→ **REQUIRED WORK**
From the line that contains "A&W Restaurant |" through the line that contains "Bitcoin stalls as", output every line of the listing below exactly and leave out all the rest.

→ **TASK INPUTS**
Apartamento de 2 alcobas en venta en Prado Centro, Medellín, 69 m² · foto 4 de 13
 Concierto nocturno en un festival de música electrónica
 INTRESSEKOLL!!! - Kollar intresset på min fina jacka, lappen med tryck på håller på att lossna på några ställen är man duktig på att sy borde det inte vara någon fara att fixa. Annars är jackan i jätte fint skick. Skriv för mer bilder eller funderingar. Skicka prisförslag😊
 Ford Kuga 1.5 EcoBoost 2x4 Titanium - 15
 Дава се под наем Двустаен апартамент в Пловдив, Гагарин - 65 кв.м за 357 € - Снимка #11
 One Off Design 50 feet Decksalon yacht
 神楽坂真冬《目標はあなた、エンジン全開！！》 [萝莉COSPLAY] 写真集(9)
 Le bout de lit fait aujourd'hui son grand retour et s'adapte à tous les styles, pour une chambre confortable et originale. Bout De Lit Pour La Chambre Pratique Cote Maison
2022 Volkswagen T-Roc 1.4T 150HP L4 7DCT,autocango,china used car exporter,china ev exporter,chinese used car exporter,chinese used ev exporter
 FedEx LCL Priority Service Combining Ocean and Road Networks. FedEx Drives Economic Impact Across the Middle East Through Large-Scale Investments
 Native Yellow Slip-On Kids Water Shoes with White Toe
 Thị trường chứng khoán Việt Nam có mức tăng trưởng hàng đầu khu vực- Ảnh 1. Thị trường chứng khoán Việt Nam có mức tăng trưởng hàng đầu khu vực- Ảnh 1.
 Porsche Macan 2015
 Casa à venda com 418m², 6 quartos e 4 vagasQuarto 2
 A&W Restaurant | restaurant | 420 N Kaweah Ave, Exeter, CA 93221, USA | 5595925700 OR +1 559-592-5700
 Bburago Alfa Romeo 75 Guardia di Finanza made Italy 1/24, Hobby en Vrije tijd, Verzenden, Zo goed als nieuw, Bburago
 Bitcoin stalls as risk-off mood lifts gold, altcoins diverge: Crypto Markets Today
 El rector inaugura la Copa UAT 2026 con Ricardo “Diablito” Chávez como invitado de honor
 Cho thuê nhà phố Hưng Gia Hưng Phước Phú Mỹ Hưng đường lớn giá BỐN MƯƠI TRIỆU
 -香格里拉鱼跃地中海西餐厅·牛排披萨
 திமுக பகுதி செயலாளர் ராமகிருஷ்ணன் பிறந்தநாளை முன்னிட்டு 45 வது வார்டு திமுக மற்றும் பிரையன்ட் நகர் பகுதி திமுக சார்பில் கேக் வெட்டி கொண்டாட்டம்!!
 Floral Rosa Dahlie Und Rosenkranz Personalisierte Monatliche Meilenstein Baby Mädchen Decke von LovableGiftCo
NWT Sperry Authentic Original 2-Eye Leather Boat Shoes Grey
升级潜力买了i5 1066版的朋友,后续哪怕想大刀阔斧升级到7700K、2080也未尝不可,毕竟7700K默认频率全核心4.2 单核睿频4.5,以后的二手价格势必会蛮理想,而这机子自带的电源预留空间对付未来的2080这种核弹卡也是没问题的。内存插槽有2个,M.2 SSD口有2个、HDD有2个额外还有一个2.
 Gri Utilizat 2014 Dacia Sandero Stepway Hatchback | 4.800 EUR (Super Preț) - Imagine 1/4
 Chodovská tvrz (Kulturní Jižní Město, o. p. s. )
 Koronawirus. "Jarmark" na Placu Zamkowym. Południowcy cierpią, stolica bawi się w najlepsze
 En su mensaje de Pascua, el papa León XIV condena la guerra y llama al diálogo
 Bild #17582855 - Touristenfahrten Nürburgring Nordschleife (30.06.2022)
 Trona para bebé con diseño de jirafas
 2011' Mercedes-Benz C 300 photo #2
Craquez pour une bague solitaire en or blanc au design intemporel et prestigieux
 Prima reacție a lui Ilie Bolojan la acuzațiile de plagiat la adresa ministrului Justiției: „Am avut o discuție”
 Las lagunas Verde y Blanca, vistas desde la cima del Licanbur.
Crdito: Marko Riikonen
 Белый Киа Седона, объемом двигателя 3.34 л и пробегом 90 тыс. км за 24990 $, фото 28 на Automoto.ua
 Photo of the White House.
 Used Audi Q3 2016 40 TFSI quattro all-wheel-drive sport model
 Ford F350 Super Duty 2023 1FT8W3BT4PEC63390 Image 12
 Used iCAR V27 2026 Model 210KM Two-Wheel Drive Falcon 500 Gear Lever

→ **WRITTEN RESPONSE**
 A&W Restaurant | restaurant | 420 N Kaweah Ave, Exeter, CA 93221, USA | 5595925700 OR +1 559-592-5700
 Bburago Alfa Romeo 75 Guardia di Finanza made Italy 1/24, Hobby en Vrije tijd, Verzenden, Zo goed als nieuw, Bburago
 Bitcoin stalls as risk-off mood lifts gold, altcoins diverge: Crypto Markets Today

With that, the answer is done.